As I have said before, however, that doesn’t mean I’m not writing.  In my head, at least.

Sometimes life deals us lemons, and the lemonade is hard to make.  But even when I feel like I am buried under tonnes of lemons, the dream is still there.  The memory of how fantastic it feels when I am able to write, when the flow is happening and I am submerged in a scene.

This is where my diary comes in.  At times when I can process language, when I can hold my pen, I write in my journal.  It may only be a few lines, a sentence or two, but it is self-expression, getting the feelings out onto the page, and it feels fantastic.

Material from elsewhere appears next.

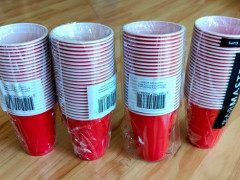 Plastic cups 10 cups($1) *4 pa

At times when things are tough, my journal is my life raft.

At the moment, as I struggle with another period of sickness, I am working with this book.  When I have finished squeezing every drop of goodness from it, I will tell you how I got on, a little review of sorts.  In the meantime, I offer you this quote, from the marvellous SARK, patron saint of creative women, quoted by the author, Jackee Holder:

“I love journal keeping because it has helped me to discover and uncover myself, to encourage my own bravery, sort out difficulties with other people, to invent new ways of being.”

SARK, Juicy Pens, Thirsty Paper, 2008.